ミステリではないし、自分にとってはまったく畑違いの小説なのだけども、手に取ってしまいました。というのも、酒鬼薔薇事件を題材にした物語だから。はい、當然のことながら「赫い月照」と比較するだけの為に購入した譯です。
この作者のことはまったく知らなかったのですけど、三島由紀夫賞や野間文藝新人賞などの候補に挙げられているところを見ると、純文學の文脈で語られるべきひとのようです。だとしたら、ミステリでは酒鬼薔薇事件を取り上げたということで非難囂々、一部では散々なことをいわれている「赫い月照」と比較して、純文學ではこの事件を取り上げた小説はどのように評價されているのか、というのが凄く興味のあるところです。
まず結論からいってしまうと、酒鬼薔薇事件を取り上げたといいつつ、どうにもこの事件が物語のテーマに絡んでいるようには見えません。この物語は、事件が発生し、酒鬼薔薇が逮捕される前と後で展開が變わるという仕掛けになっているそうなのですが、自分にとっては、前も後ろもそれほどの違いがあるとは讀めませんでした。何故?
物語の方は何だかノッケから鬱々とした虐めのシーンから始まり、あとはもう書き割りのなかのダメ人間たちが、ブルセラだの援助交際だの、薬だの、家庭内暴力だのといった陳腐な現代風俗のなかで己のダメッぷりを延々と演じるばかりで、特にそのダメ人間っぷりが激しいのが、ヒロインと対になっている雅也という男。母親には好き放題に暴力をふるい、自分がダメなのはすべて親のせいにするという體たらくで、自分が天才と認めるアーティストの曲を聽けば自分も天才になれるような氣がすると錯覺し、酒鬼薔薇に共感しては彼の狂人が残した陳腐な台詞を口ずさみ、ヒロインには迷惑メールを送りつけ、最後はビルの上からダイブしてジ・エンドというどうしようもない輩です。

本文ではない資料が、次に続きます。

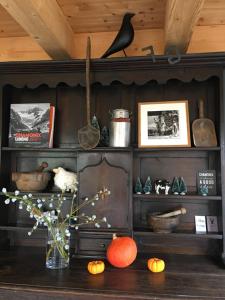 a shelf with a vase of flowers on a table at Chalet ToutBlanc in Servoz +30 photos
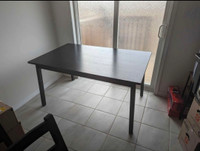 IKEA black dining table seats six- no chairs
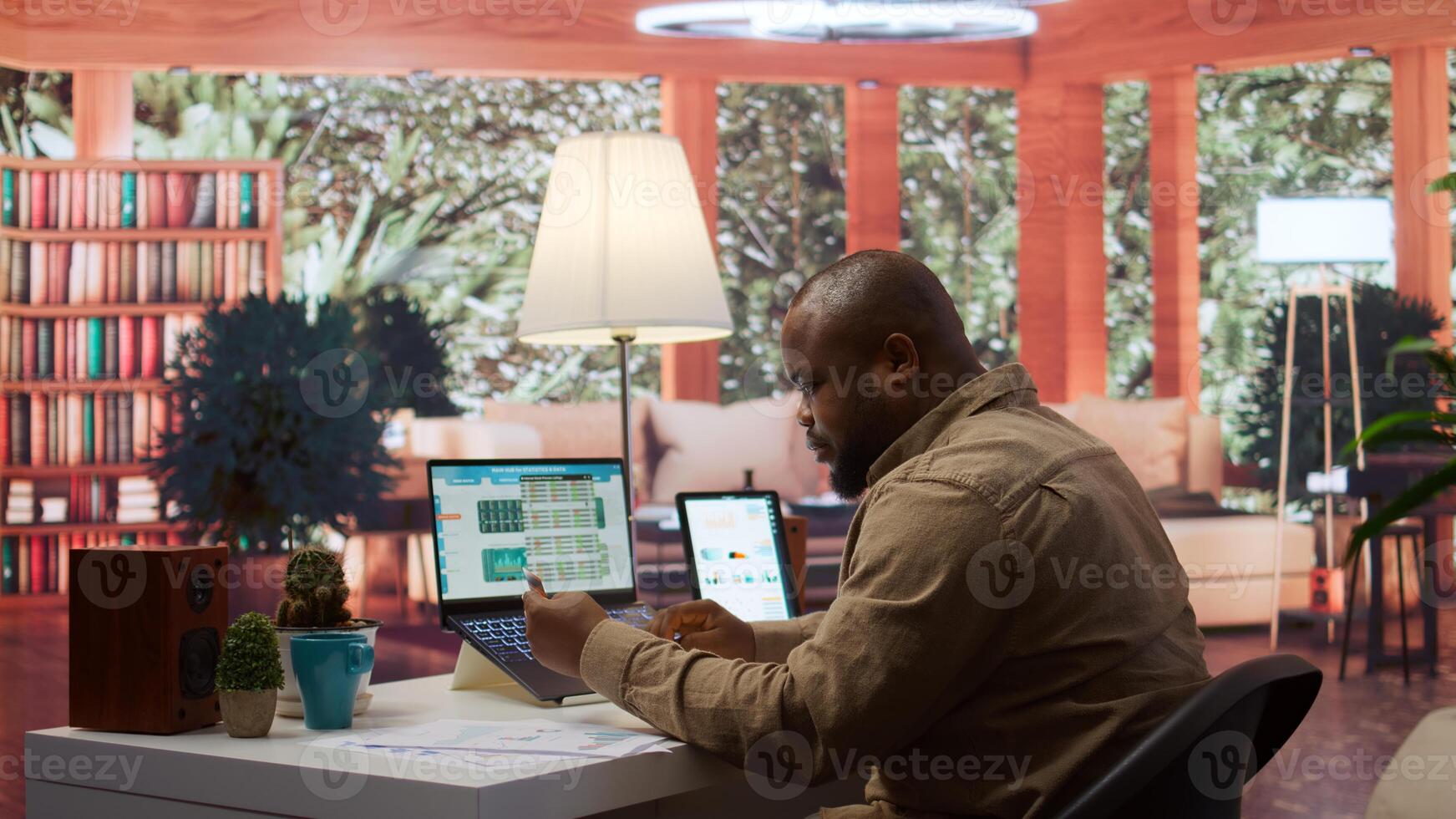 Entrepreneur using a card to make an online shopping payment via electronic banking, purchasing things to help the startup activity. Business owner makes a payment at his home office. Camera B. photo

この雅也の親も親でどうしようもなければ、ヒロインの周囲にいる母親も愛人もダメダメ。学校の教師も生徒のブルセラ援交を見つけてはそれをダシに自分も女生徒とあんなことこんなことことしてみたいと考えているようなダメっぷり。
とにかくそんな輩が入れ替わり立ち替わり、自分たちのダメっぷりをこれでもかこれでもかと見せつけてくれます。いずれの登場人物たちも、陳腐な風俗のなかに埋没して自己主張の缺片もないようなダメ人間ばかりですから當然共感できるキャラも不在で、最後まで物語にノることは出來ませんでした。
それにカタルシスも何もない展開がやりきれなくて、讀み終えたあとには何も殘りません。というか、もう讀み返したくないですよ、こんな小説。
で、問題はこれが駄作なのか傑作なのかということです。直木賞作家の重松清が絶贊しているのだから傑作なのでしょう。しかし自分は認めたくないですねえ。重松氏は解説で、酒鬼薔薇事件を本作が取り上げたことにふれて、
時代のエポックとなってしまった現実の事件を、たとえ遠景とはいえ物語に導入し、なおかつ時間軸の折り返し点におくというのは、きわめて魅力的な仕掛けであると同時に、じつに怖いことでもある。もしも書き手の側に安易な姿勢があったら、それはたちまち、——おとなの読み手より、むしろ若い読者に見破られてしまうだろう。あるいは、たとえ眞摯に挑んだとしても、そこに「論」の高みに立つ臭みが覗いてしまうと、これまた小説がただの現実の絵解きになってしまう。……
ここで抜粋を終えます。